DIRECTIONS:
Write the records out again, precisely as they stand.

Stored records:
______
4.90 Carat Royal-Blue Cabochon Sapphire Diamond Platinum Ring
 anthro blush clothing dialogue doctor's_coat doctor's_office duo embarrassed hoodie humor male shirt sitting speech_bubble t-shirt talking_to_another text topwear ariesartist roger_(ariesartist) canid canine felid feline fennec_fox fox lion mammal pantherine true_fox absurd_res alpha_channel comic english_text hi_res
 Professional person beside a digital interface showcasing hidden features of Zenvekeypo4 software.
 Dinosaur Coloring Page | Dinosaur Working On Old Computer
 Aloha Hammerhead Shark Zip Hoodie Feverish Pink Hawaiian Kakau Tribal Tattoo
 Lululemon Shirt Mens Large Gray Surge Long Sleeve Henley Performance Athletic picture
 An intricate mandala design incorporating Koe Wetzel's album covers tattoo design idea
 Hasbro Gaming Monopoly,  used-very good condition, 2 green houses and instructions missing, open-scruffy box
______
FINISHED TASK:
4.90 Carat Royal-Blue Cabochon Sapphire Diamond Platinum Ring
 anthro blush clothing dialogue doctor's_coat doctor's_office duo embarrassed hoodie humor male shirt sitting speech_bubble t-shirt talking_to_another text topwear ariesartist roger_(ariesartist) canid canine felid feline fennec_fox fox lion mammal pantherine true_fox absurd_res alpha_channel comic english_text hi_res
 Professional person beside a digital interface showcasing hidden features of Zenvekeypo4 software.
 Dinosaur Coloring Page | Dinosaur Working On Old Computer
 Aloha Hammerhead Shark Zip Hoodie Feverish Pink Hawaiian Kakau Tribal Tattoo
 Lululemon Shirt Mens Large Gray Surge Long Sleeve Henley Performance Athletic picture
 An intricate mandala design incorporating Koe Wetzel's album covers tattoo design idea
 Hasbro Gaming Monopoly,  used-very good condition, 2 green houses and instructions missing, open-scruffy box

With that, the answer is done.